Dugaan Suap kepada Mantan Kepala TPPU Bunta, PH Soehartono: Saksi dari JPU Tidak Kompeten

oleh -
Soehartono saat menjalani sidang lanjutan dengan agenda keterangan saksi dari JPU, di PN) Kelas 1A Palu, Selasa (17/01). (FOTO: IST)

PALU – Sidang lanjutan dugaan gratifikasi/suap dengan terdakwa Soehartono, kembali digelar oleh Pengadilan Negeri (PN) Kelas 1A PHI/Tipikor/Palu, Selasa (17/01).

Sebagaimana dakwaan Jaksa Penuntut Umum (JPU), Soehartono selaku Direktur PT Fortino Artha Sejahtera (FAS) yang juga Investor PT Aneka Nusantara Internasional (ANI), diduga melakukan gratifikasi kepada Kepala Kantor Unit Penyelenggara Pelabuhan (KUPP) Kelas III Bunta, Dean Granovic.

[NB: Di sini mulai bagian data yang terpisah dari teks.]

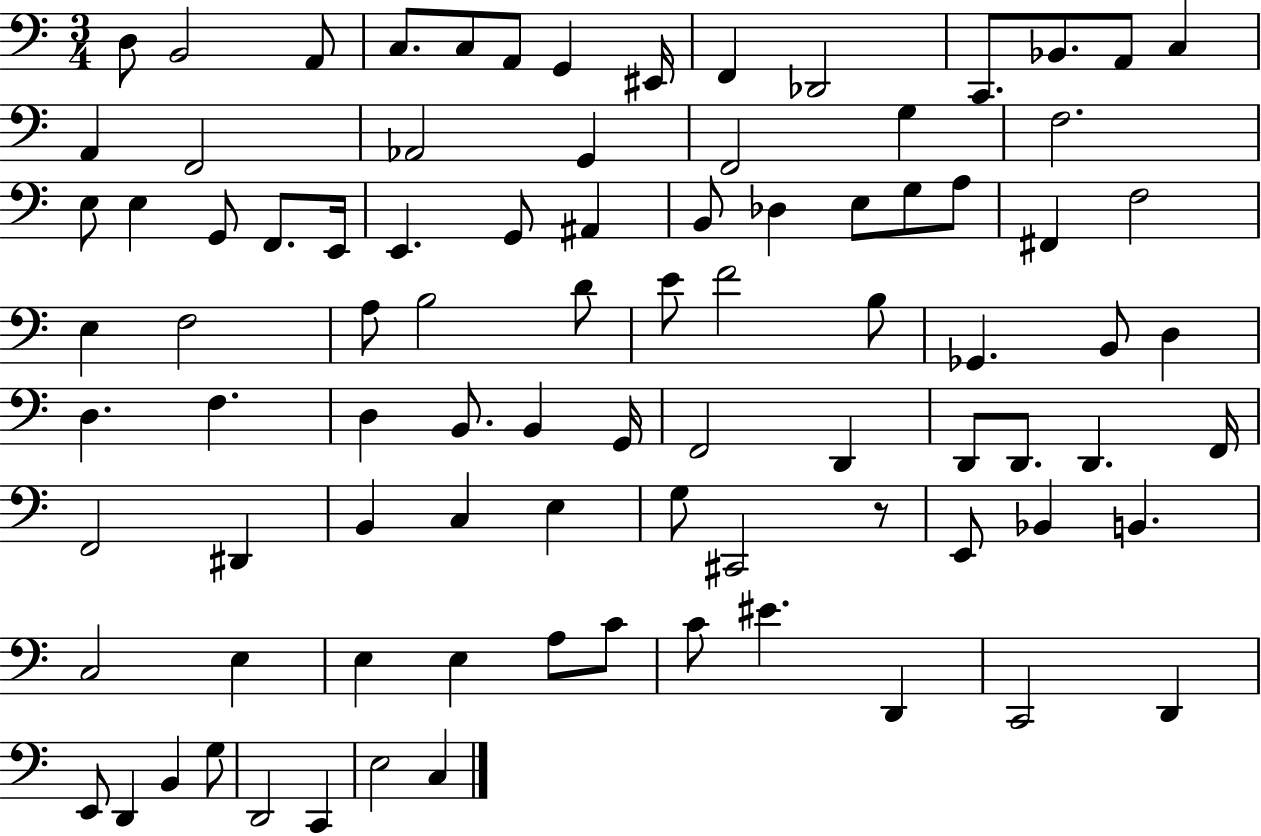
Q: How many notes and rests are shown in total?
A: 89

Pada sidang lanjutan yang yang dipimpin Chairil Anwar, didampingi hakim anggota Haris Kahohon dan Nur Alam tersebut, JPU Asma menghadirkan dua saksi, yaitu Agung Semiawan dan karyawan Bank Mandiri, Anita Dwi Puspitasari.

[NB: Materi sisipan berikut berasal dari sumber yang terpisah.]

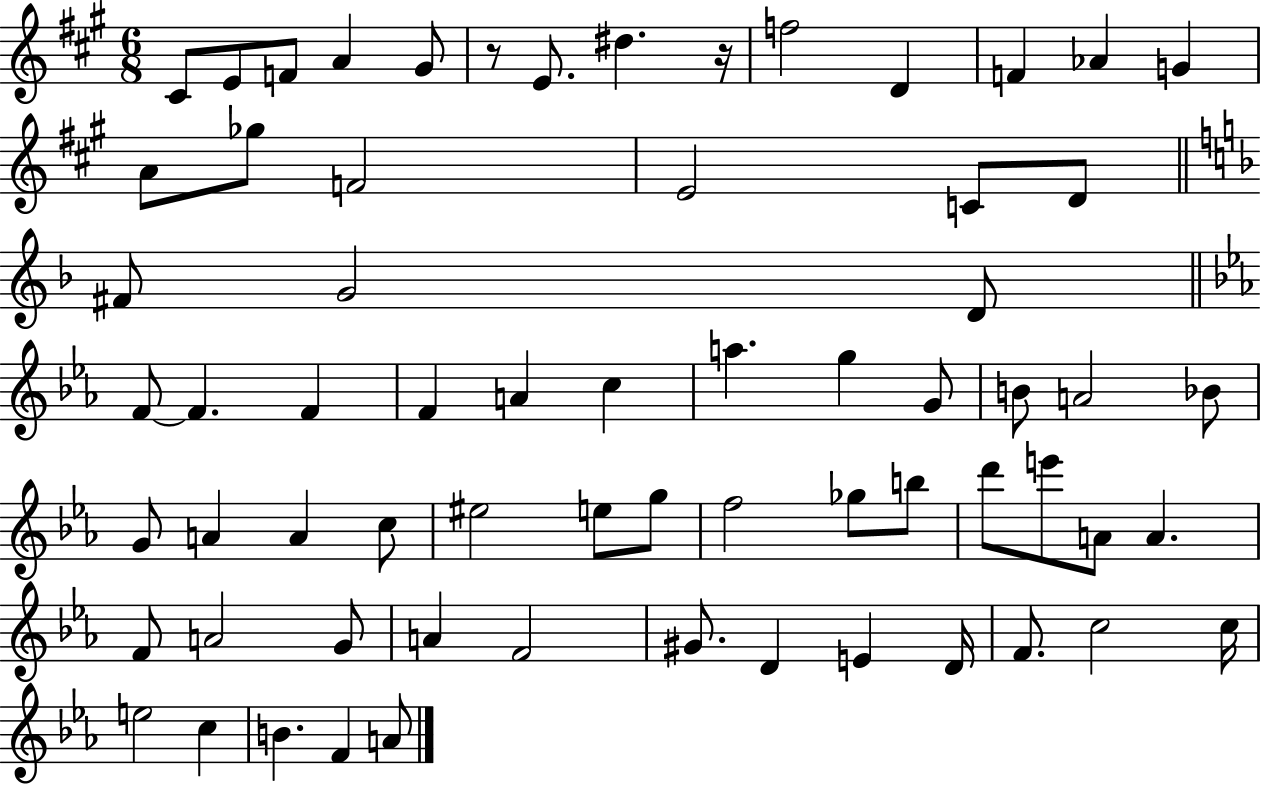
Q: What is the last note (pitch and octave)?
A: A4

Dalam persidangan, Agung Semiawan mengungkapkan mengenai transfer dana dari terdakwa Soekartono di Bank Mandiri. Namun ia sendiri tidak mengetahui untuk apa dana yang ditransfer tersebut.

“Saya tidak tau untuk apa uang tersebut. Saya tidak kenal dengan Soehartono dan saya tahu hubungan antara Soehartono dengan Dean Granovic. Saya hanya meminjamkan buku rekening kepada Dean Granovic,” ucap Agung Semiawan saat ditanya hakim.

Sedangkan saksi Anita mengakui adanya transferan sejumlah dana dari Soehartono kepada Agung Semiawan dan Dean Granovic. Akan tetapi, saksi juga tidak kenal dengan Soehartono, dan tidak tahu hubungan antara Soehartono dengan Dean.

Anita di hadapan majelis hakim juga mengakui, bahwa ada rekening Soehartono di Bank Mandiri.

“Iya pak, ada rekeningnya Pak Soehartono di Bank Mandiri, ” ujarnya.

PH terdakwa, Erik Aleksander, SH, mengatakan, pihaknya sendiri akan melakukan pembuktian-pembuktian bahwa kliennya memang tidak melakukan perbuatan yang sebagaimana yang didakwakan JPU.

“Selama ini dari saksi-saksi yang dihadirkan JPU tidak kompeten karena tidak ada hubungannya dengan kasus Soehartono Soehartono, khususnya terkait dakwaan penyuapan kepada Dean di Pasal 5 dan pasal 3 UU Tipikor Tahun 2001. Itu tidak terbukti,” kata PH dari Kantor Advocat Seno Lawfirm & Investigations itu.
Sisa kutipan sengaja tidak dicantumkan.